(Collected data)

────────────────────────────────────────

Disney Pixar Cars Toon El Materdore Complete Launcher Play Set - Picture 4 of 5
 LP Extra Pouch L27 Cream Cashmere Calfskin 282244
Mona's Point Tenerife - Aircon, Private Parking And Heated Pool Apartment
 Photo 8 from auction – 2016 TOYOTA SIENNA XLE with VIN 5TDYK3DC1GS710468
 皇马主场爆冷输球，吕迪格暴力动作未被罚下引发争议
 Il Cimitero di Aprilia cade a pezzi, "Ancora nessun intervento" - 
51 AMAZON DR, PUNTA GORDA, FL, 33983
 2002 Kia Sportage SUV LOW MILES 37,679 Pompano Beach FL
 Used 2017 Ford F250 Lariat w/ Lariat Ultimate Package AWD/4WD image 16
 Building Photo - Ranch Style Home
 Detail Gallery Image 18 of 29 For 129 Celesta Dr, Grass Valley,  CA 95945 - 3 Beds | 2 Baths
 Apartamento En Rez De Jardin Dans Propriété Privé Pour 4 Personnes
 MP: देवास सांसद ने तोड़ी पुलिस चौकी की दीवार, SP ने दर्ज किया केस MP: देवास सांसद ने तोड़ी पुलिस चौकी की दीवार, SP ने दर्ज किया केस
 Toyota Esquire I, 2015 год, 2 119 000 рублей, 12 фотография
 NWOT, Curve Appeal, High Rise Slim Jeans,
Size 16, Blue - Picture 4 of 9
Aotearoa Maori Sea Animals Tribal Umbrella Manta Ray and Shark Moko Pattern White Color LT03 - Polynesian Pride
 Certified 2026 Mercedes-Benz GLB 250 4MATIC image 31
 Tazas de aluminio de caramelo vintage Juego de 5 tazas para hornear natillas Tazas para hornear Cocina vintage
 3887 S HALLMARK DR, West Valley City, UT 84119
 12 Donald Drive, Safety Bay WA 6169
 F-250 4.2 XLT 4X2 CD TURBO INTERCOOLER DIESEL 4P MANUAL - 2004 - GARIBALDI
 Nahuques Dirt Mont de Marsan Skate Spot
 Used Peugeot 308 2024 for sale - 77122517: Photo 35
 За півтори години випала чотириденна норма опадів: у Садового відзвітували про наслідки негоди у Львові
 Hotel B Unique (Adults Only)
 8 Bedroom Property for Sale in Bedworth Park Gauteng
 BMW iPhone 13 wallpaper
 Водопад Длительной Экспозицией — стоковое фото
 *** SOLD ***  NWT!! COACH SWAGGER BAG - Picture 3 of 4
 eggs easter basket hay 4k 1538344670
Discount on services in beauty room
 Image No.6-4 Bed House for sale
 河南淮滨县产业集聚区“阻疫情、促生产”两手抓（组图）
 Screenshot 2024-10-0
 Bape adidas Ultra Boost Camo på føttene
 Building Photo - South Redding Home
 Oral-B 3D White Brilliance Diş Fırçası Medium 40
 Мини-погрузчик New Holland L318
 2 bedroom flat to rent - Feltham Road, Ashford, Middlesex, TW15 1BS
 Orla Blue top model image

────────────────────────────────────────

■ **Problem**:
Could you copy exactly the lines from the one containing "eggs easter basket hay 4k 1538344670" through the end of the records above, and nothing more?

■ **Answer for the task**:
 eggs easter basket hay 4k 1538344670
Discount on services in beauty room
 Image No.6-4 Bed House for sale
 河南淮滨县产业集聚区“阻疫情、促生产”两手抓（组图）
 Screenshot 2024-10-0
 Bape adidas Ultra Boost Camo på føttene
 Building Photo - South Redding Home
 Oral-B 3D White Brilliance Diş Fırçası Medium 40
 Мини-погрузчик New Holland L318
 2 bedroom flat to rent - Feltham Road, Ashford, Middlesex, TW15 1BS
 Orla Blue top model image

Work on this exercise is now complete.